Raine & Horne
- Company type: Proprietary
- Industry: Real estate
- Genre: Franchise
- Founded: 1883; 143 years ago, Sydney, Australia
- Founder: Tom Raine and Joseph Horne
- Headquarters: Sydney, New South Wales, Australia
- Area served: Australia, New Zealand, India, Malaysia, Fiji & United Arab Emirates
- Key people: Angus Raine
- Products: Real estate franchising
- Services: Real estate; Property management; Property sales; Auctions; Home loans and finance; Project development; Project marketing;
- Owner: Each office is independently owned and controlled by its proprietors.
- Website: www.raineandhorne.com.au

= Raine & Horne =

Australian real estate company

Raine & Horne is an Australian real estate franchise group, consisting of distinct residential, commercial, rural and international holdings.
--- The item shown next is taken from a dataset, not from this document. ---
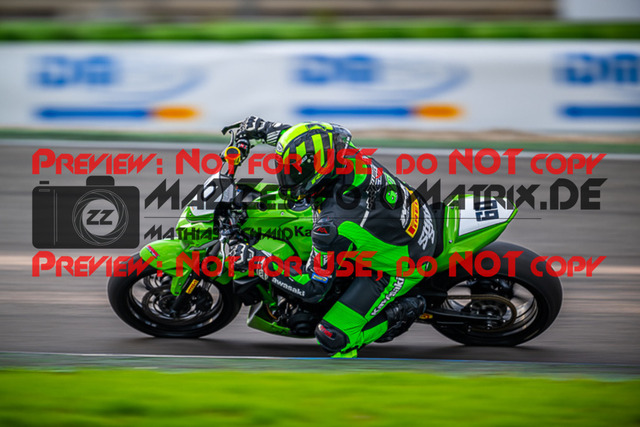 MaZZes_FotoMatrix_220925_2308 | TWIN CUP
It is one of Australia's oldest family-owned real estate firms and is one of the oldest private companies in the Southern Hemisphere.

== History ==
The company was established by Tom Raine and Joseph Horne in 1883 when they opened their firm at Wentworth Court, Elizabeth Street in Sydney.

By the 1970s, the Raine & Horne network stretched across Sydney, but driven by the enthusiasm of then chairman Max Raine, the Raine & Horne Board then decided to pursue a franchising business model, with its first franchised office opening in Liverpool, NSW in 1976.

The Raine family has been continually involved with the firm since its inception in 1883, and Raine & Horne is now into its fourth generation of family ownership under current Executive chairman Angus Raine.

The company employs thousands of people in a network of several hundred offices across New South Wales, Queensland, Victoria, South Australia, Western Australia, Tasmania, the Northern Territory and the Australian Capital Territory. Raine & Horne also has many offices across the globe, including strong presences in New Zealand, Malaysia and Dubai, cementing the company's position as one of the strongest real estate networks nationally and internationally.

== Rebranding ==
In October 2011, Raine & Horne announced a national re-brand initiative, which included an overhaul of all media, incorporating digital platforms, marketing, and advertising and office signage. The re-brand focused on bringing Raine & Horne's yellow and black branding in ways they thought innovative and saw the traditional colour palette replaced with a new combination of 'gold and dark charcoal'.

The re-brand included a distinctive ampersand symbol, which represents Raine & Horne's brand ideal, 'Positive Partnerships', which encompasses the relationships between 'vendors & buyers', 'agents & vendors', 'agents & buyers', and 'property managers & tenants'.

This was followed in June 2013 with the re-branding of Raine & Horne Commercial, which is now represented by a unique curve, and a striking contrast of yellow and black.